Not sure I follow. You seem to have omitted the part of 1) explaining how the LLM knew that my_function even existed - presumably, it read the entire file to discover that, which is way more input tokens than your hypothetical available_functions response.

dnautics 3 hours ago [ - ]

Reading files is not that input tokien heavy, I suspect. But anyways I omitted it because presumably it would have done so to gain local context in general.

0x457 5 hours ago [ - ]

LSP is meant for IDEs and very deterministic calls. Its APIs are like this: give me a definition of <file> <row> <column> <lenght>. This makes sense for IDEs because all of those can be deterministically captures based of your cursor position.

LLMs are notoriously bad at counting.

wavemode 4 hours ago [ - ]

I think one could easily build an MCP tool wrapping LSP which smooths over those difficulties. What the LLM needs is just a structured way to say "perform this code change" and a structured way to ask things like "what's the definition of this function?" or "what functions are defined in this module?"

Not much different from what agents already do today inside of their harnesses, just without the part where they have to read entire files to find the definition of one thing.

0x457 3 hours ago [ - ]

So not using LSP, but rather using something in a middle that uses LSP as implementation detail.

So far enabling LSP in Claude only added messages like "this is old diagnostic before my edit".

zahlman 4 hours ago [ - ]

I suspect that the context-dependence in C is more an issue with the implementation than the overall syntactic philosophy.

dnautics 3 hours ago [ - ]

It's a thing in c.

foo * bar;

Is that multiplication? Or a declaration of type foo*?

zahlman 2 hours ago [ - ]

Right; and my argument is that this isn't because the type expression `foo *` precedes the name `bar`; it's because the type "pointer to foo" is expressed in a way that could also be a prefix of a multiplication expression.

cranberryturkey 5 hours ago [ - ]

This is an underappreciated point. I work across a lot of codebases and the difference in how well AI coding tools handle Rust vs JavaScript vs Python is striking — and syntax ambiguity is a big part of it.

The `type name` vs `let name: type` distinction matters more than it seems. When the grammar is unambiguous, the LLM can parse intent from a partial file without needing the full compilation context that a human expert carries in their head. Rust and Go are notably easier for LLMs to work with than C or C++ partly because the syntax encodes more structure.

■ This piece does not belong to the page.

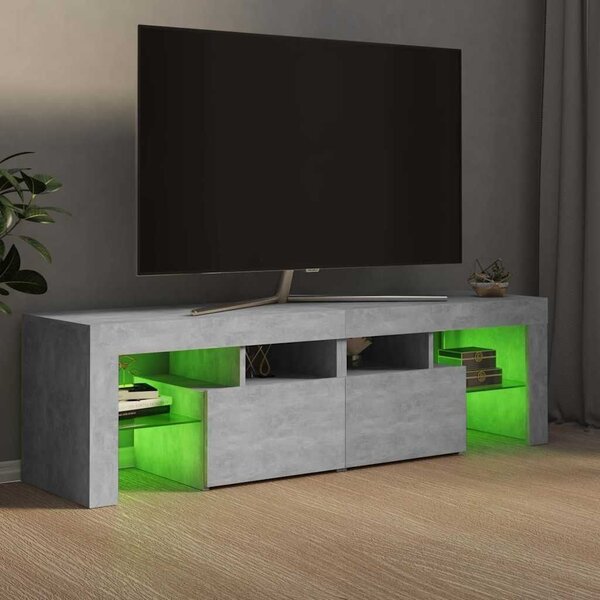 TV ormarić s LED svjetlima siva boja betona 140x36 5x40 cm - Beton siva 1 Beton siva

The flip side: syntax that is too terse becomes opaque to LLMs for the same reason it becomes opaque to humans. Point-free Haskell, APL-family languages, heavy operator overloading — these rely on the reader holding a lot of context that does not exist in the immediate token window.

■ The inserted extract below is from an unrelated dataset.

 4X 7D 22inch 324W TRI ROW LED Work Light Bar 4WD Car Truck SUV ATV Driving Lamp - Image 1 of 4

I wonder if we will see new languages designed with LLM-parseability as an explicit goal, the way some languages were designed for easy compilation.

vidarh 5 hours ago [ - ]

Fine tuning is likely a bigger part of it.

I've worked on fine tuning projects. There's a massive bias towards fone tuning for Python at several model providers for example, followed by JS.

dheera 5 hours ago [ - ]

Humans also have limited context. For LLMs it's mostly a question of pipeline engineering to pack the context and system prompt with the most relevant information, and allow tool use to properly understand the rest of the codebase. If done well I think they shouldn't have this particular issue. Current AI coding tools are mostly huge amounts of this pipeline innovation.

dnautics 5 hours ago [ - ]

I think we need a LLM equivalent of this part's of fitt's law: The fastest place to click under a cursor is the location of the cursor. For an LLM the least context-expensive feedback is no feedback at all, the LLM should be able to intuit the correct code in-place, at token generation.